◆ **DIRECTIONS FOR THIS TASK**
Among the lines of data below, reproduce only those from the one with "Foto - Großzügiges" through the one with "Billede 1 - Skjorte", exactly as they stand, both ends included.

(MATERIAL PROVIDED begins)

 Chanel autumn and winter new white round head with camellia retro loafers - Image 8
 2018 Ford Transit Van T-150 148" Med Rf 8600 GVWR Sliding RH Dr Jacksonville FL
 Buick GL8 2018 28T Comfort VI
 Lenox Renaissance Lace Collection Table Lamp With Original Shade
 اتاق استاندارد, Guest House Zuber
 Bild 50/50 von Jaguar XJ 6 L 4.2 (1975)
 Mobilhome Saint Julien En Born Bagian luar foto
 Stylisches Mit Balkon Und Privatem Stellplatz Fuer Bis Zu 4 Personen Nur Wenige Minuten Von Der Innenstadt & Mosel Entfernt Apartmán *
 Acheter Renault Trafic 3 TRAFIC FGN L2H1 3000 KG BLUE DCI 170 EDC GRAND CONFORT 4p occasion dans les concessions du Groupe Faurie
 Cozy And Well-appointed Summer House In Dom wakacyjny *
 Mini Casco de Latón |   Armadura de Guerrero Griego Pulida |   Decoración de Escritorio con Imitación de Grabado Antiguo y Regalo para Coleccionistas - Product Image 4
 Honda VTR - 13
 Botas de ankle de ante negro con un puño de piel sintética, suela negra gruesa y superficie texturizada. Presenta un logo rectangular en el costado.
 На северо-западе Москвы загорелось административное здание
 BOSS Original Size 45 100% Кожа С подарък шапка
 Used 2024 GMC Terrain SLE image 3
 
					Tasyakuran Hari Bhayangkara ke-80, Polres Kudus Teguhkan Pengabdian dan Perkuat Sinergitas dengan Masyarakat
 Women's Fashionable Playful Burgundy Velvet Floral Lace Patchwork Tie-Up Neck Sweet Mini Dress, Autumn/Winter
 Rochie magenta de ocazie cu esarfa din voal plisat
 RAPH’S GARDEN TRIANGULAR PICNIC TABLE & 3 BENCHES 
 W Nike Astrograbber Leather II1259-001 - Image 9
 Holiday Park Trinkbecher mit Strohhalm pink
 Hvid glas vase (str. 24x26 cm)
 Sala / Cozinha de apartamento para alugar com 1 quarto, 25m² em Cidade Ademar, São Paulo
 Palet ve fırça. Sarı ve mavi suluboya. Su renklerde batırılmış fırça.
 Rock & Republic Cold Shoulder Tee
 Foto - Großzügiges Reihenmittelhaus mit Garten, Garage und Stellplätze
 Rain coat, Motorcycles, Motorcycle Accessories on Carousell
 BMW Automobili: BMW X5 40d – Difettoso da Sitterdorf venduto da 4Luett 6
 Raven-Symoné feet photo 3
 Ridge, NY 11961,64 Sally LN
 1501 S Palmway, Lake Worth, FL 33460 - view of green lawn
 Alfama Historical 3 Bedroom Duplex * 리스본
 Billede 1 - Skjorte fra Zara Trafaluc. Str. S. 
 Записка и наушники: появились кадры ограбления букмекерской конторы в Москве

(MATERIAL PROVIDED ends)

◆ **COMPLETED EXERCISE**
 Foto - Großzügiges Reihenmittelhaus mit Garten, Garage und Stellplätze
 Rain coat, Motorcycles, Motorcycle Accessories on Carousell
 BMW Automobili: BMW X5 40d – Difettoso da Sitterdorf venduto da 4Luett 6
 Raven-Symoné feet photo 3
 Ridge, NY 11961,64 Sally LN
 1501 S Palmway, Lake Worth, FL 33460 - view of green lawn
 Alfama Historical 3 Bedroom Duplex * 리스본
 Billede 1 - Skjorte fra Zara Trafaluc. Str. S. 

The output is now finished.